■ **TASK BRIEF**:
Find the lines below that include the word "requests" and state how many there are, adding nothing.

········

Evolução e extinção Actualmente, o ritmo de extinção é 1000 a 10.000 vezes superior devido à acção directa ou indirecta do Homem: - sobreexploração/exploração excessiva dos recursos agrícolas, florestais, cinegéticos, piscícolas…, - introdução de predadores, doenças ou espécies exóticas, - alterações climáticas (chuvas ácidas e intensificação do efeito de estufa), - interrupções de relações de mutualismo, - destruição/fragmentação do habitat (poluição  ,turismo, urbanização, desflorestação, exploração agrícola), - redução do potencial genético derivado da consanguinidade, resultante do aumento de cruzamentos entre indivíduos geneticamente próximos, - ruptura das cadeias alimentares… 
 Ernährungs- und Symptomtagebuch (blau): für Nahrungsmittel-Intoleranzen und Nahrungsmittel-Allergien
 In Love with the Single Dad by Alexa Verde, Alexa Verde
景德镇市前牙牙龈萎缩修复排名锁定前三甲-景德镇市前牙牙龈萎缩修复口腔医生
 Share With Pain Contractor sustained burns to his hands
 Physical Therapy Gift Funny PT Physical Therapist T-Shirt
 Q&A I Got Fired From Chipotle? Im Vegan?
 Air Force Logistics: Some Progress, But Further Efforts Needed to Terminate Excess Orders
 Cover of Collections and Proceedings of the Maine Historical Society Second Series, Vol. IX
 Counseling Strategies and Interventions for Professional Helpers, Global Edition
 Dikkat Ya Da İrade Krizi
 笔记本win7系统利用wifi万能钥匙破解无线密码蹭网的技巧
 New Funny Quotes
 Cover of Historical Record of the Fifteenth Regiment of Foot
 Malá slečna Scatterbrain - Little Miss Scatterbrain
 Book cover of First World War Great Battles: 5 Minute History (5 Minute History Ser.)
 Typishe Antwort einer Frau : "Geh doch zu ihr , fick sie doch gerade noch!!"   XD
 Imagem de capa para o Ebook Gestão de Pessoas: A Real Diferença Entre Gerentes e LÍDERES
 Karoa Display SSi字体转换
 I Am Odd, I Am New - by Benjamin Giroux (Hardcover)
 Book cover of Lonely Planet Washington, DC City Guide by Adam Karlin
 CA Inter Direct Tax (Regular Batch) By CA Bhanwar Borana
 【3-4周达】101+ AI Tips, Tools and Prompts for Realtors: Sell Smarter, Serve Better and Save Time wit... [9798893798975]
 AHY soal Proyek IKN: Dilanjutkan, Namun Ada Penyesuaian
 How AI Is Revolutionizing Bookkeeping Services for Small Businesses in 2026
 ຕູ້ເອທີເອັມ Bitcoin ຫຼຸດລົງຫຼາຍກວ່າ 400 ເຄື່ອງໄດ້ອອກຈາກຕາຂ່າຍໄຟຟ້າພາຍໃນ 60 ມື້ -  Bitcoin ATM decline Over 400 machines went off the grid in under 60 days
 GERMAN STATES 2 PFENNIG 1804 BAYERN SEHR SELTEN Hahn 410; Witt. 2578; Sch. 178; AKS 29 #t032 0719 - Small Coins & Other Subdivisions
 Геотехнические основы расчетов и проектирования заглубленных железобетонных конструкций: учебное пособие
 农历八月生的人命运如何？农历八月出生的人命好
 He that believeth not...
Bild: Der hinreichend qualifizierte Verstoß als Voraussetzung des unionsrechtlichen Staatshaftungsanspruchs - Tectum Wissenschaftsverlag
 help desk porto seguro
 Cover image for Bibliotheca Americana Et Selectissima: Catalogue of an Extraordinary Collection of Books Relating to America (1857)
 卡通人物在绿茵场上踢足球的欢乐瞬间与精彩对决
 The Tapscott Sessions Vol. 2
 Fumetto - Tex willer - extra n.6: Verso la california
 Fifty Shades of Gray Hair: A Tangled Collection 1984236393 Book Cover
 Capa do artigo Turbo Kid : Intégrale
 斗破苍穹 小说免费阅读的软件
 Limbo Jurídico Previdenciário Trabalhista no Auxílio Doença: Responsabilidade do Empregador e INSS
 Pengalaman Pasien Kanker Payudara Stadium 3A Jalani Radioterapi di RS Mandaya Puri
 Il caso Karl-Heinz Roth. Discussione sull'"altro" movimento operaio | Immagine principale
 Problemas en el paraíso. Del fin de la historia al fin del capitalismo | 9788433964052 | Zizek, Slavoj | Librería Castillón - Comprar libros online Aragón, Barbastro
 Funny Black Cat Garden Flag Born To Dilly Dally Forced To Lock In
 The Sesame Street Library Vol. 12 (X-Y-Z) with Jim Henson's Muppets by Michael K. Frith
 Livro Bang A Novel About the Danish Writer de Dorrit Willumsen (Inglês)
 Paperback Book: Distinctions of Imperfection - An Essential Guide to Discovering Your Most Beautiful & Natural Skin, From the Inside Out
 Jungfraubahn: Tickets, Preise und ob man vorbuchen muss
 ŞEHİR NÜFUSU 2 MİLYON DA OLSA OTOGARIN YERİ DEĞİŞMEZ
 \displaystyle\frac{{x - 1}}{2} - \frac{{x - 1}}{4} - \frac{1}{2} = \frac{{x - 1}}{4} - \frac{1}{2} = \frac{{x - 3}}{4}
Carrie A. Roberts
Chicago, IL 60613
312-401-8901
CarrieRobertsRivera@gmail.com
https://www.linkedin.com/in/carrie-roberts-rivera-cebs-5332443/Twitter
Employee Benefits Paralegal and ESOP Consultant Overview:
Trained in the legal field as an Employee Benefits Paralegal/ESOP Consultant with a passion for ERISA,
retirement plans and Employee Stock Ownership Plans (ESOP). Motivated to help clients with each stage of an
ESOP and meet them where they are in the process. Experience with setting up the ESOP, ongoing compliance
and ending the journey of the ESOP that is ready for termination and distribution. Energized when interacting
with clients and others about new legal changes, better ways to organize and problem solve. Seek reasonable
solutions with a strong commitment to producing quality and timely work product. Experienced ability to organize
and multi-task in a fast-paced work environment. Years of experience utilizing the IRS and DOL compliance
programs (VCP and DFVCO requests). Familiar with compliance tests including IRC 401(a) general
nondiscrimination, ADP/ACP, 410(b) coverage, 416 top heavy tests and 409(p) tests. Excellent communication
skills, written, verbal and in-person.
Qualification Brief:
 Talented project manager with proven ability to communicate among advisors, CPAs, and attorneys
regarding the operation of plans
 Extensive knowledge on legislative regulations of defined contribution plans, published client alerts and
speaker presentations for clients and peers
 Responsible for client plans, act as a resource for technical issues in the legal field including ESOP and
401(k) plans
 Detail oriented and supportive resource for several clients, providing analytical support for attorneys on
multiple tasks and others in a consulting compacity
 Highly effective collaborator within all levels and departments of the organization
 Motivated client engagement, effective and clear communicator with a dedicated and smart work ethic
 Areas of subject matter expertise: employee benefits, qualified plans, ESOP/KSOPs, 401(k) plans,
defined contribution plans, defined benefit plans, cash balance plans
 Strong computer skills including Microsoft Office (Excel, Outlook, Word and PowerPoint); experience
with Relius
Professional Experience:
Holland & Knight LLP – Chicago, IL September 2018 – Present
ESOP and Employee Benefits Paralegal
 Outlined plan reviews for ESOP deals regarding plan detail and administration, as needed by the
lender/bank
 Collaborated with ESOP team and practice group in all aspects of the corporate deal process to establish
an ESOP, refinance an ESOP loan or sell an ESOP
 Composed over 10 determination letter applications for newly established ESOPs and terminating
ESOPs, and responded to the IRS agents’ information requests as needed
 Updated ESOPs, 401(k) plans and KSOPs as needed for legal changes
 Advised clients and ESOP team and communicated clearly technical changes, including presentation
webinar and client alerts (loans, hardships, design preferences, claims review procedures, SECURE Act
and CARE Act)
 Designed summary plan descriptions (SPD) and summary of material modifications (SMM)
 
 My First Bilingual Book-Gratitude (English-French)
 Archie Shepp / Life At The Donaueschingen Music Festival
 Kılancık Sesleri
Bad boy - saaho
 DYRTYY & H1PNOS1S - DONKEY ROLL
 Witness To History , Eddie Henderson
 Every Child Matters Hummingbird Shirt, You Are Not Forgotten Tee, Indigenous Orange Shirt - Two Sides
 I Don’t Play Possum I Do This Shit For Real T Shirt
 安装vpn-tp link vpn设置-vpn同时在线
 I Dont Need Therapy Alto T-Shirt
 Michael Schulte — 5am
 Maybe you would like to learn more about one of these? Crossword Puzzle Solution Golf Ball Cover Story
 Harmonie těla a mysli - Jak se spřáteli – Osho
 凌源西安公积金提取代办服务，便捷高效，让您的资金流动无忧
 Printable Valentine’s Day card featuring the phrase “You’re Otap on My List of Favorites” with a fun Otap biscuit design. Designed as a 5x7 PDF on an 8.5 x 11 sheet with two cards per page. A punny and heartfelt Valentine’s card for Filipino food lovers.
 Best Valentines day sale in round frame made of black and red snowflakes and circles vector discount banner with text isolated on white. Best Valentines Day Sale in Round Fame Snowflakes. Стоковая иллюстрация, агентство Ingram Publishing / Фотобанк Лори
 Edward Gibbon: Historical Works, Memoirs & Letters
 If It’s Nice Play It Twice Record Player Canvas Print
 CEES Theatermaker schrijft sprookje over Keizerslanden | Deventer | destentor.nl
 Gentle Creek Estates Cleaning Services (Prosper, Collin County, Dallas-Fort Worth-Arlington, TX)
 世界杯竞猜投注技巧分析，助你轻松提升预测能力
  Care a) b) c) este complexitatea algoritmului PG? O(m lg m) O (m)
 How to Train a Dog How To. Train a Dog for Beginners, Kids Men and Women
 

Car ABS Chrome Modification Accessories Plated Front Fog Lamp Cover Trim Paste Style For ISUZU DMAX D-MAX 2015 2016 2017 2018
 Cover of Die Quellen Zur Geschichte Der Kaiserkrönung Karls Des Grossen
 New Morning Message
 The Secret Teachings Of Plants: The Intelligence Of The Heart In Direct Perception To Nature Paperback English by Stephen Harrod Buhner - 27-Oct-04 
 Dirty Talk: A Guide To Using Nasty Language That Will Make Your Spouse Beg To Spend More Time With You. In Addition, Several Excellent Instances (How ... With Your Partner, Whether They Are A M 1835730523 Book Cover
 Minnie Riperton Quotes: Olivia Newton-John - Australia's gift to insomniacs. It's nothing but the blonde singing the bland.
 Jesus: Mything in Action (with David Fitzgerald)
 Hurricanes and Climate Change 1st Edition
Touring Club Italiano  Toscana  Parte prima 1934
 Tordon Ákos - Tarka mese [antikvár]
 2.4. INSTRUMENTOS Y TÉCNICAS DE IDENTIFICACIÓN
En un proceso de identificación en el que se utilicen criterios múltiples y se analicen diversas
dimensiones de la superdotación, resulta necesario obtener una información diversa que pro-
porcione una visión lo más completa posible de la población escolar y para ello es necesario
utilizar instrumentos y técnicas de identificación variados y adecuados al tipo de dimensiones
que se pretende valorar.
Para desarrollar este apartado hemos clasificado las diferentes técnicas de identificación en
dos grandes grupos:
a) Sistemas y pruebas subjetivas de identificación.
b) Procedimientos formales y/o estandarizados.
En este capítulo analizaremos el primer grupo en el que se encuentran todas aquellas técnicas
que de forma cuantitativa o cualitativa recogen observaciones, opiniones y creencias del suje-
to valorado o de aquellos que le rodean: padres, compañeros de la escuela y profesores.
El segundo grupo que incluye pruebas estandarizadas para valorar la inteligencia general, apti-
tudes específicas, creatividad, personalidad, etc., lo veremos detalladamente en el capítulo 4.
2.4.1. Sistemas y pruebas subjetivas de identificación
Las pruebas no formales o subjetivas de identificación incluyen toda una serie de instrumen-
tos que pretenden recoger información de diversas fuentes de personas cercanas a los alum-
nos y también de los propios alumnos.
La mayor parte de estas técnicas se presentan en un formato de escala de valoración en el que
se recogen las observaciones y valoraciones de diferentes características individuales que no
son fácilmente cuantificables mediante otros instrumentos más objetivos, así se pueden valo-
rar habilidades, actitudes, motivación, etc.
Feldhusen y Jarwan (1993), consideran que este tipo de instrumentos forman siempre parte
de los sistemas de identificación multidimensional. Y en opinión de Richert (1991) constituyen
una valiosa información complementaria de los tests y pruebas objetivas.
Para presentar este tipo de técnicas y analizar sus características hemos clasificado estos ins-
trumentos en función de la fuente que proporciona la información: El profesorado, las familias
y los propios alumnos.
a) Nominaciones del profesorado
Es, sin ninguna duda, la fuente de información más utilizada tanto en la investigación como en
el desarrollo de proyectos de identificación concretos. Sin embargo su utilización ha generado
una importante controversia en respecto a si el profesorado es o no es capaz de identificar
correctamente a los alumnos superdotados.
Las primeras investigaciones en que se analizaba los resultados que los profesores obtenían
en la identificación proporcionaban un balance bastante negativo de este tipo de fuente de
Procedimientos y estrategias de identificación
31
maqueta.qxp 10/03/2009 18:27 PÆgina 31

········

■ **ANSWER BOX**:
2